Web page caption snippets:
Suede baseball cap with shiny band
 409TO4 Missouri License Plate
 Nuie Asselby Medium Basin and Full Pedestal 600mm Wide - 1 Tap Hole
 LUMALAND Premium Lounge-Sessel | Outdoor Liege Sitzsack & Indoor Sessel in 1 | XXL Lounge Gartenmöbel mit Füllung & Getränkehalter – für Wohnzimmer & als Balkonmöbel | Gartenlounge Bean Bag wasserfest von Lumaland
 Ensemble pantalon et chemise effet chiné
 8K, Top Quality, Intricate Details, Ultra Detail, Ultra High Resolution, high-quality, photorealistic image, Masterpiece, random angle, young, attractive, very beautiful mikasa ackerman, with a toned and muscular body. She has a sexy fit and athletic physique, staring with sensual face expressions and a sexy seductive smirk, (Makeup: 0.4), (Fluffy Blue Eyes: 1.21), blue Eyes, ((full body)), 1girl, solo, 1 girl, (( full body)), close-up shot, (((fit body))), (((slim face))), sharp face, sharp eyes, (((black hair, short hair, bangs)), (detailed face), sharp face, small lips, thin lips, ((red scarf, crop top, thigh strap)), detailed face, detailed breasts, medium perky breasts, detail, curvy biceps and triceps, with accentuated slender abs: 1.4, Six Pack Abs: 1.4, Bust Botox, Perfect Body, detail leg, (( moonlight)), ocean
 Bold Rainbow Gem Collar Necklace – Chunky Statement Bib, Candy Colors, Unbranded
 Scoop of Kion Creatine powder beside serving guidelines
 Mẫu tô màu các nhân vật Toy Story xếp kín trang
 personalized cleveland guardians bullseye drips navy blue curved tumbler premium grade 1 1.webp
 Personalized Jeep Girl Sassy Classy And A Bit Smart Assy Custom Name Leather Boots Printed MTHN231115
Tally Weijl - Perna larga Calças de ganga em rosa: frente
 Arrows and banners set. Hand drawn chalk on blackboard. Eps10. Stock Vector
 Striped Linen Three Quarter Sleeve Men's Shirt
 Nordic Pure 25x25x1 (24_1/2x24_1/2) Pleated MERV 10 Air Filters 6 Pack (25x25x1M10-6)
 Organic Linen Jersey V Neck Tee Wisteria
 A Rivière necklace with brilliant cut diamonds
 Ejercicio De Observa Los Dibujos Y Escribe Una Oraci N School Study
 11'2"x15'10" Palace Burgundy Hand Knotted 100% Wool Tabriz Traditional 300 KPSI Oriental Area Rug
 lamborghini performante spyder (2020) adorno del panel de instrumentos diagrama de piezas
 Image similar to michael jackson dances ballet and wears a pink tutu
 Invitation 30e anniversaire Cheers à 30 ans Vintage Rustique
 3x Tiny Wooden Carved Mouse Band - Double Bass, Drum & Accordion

- _Assignment_:
Reproduce exactly the lines that run from the start of the records to the line with "Ensemble pantalon et chemise effet chiné", both included.

- _Exercise output_:
Suede baseball cap with shiny band
 409TO4 Missouri License Plate
 Nuie Asselby Medium Basin and Full Pedestal 600mm Wide - 1 Tap Hole
 LUMALAND Premium Lounge-Sessel | Outdoor Liege Sitzsack & Indoor Sessel in 1 | XXL Lounge Gartenmöbel mit Füllung & Getränkehalter – für Wohnzimmer & als Balkonmöbel | Gartenlounge Bean Bag wasserfest von Lumaland
 Ensemble pantalon et chemise effet chiné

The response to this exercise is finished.